• ASSIGNMENT
The required output is the exact run of lines below that opens at the line with "Rally of civil" and closes at the line with "Epiphone Inspired by".

(Records from a data source)
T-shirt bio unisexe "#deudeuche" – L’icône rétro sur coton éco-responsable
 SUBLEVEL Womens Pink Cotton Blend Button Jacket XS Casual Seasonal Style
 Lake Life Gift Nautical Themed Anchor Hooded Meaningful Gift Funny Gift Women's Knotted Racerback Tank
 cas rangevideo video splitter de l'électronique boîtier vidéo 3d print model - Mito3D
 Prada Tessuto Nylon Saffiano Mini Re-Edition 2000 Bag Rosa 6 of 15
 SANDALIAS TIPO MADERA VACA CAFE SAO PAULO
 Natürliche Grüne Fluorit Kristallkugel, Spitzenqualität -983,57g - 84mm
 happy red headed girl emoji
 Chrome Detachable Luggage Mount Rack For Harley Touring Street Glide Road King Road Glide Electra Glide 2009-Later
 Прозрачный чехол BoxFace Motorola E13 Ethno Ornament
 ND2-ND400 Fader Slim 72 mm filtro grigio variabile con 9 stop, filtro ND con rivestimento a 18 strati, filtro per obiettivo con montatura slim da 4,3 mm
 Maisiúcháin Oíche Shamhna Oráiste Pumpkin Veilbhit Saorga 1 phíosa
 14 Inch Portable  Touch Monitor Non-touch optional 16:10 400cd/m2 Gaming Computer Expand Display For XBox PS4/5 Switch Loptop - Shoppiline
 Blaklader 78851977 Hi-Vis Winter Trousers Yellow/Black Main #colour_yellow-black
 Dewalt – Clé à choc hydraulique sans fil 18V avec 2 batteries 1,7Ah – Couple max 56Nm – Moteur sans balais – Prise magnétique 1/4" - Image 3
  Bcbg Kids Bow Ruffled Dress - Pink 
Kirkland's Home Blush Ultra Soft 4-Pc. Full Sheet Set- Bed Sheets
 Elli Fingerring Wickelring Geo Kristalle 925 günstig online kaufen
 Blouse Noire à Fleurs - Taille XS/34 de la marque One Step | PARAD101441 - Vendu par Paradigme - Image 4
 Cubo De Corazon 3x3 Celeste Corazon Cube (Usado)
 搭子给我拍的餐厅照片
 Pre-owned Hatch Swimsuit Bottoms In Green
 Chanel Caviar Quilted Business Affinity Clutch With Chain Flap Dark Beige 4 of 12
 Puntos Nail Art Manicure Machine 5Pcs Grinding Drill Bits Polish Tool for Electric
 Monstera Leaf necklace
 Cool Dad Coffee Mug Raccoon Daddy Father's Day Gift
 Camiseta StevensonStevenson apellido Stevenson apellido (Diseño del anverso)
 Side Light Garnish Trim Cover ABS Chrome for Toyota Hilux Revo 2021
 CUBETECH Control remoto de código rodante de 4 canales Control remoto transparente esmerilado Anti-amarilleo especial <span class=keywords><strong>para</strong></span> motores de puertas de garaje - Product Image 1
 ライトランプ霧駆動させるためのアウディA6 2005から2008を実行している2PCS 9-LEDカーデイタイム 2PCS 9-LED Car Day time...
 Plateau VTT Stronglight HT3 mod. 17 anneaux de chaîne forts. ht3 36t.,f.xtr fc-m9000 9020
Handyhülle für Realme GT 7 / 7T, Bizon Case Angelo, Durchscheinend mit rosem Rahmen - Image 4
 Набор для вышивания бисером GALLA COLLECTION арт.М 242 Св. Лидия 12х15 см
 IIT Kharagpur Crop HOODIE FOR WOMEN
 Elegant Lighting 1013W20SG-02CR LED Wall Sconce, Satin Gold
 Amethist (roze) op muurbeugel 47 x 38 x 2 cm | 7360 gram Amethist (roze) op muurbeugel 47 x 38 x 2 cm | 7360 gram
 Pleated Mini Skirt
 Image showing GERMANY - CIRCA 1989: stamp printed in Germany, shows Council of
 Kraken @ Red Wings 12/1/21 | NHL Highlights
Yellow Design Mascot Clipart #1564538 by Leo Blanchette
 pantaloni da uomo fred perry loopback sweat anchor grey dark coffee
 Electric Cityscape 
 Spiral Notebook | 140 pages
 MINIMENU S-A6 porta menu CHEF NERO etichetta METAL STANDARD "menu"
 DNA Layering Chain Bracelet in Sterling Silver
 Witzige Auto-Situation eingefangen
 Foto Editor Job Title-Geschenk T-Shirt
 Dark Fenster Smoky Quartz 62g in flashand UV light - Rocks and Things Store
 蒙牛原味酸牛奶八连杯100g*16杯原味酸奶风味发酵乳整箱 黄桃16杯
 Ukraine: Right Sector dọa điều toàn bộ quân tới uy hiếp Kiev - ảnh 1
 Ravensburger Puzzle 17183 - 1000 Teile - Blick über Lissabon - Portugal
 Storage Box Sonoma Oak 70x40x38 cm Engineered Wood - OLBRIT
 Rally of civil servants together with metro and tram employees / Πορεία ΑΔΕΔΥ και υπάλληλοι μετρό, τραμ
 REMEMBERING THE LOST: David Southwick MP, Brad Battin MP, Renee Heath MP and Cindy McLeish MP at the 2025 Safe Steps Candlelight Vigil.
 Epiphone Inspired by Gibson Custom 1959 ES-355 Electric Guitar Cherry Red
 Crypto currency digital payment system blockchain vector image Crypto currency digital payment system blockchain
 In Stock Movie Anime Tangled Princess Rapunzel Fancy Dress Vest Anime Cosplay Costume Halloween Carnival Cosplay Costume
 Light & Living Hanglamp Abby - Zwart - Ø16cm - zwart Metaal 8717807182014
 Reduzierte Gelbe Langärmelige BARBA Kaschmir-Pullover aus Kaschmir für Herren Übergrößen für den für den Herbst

• RESPONSE BELOW
 Rally of civil servants together with metro and tram employees / Πορεία ΑΔΕΔΥ και υπάλληλοι μετρό, τραμ
 REMEMBERING THE LOST: David Southwick MP, Brad Battin MP, Renee Heath MP and Cindy McLeish MP at the 2025 Safe Steps Candlelight Vigil.
 Epiphone Inspired by Gibson Custom 1959 ES-355 Electric Guitar Cherry Red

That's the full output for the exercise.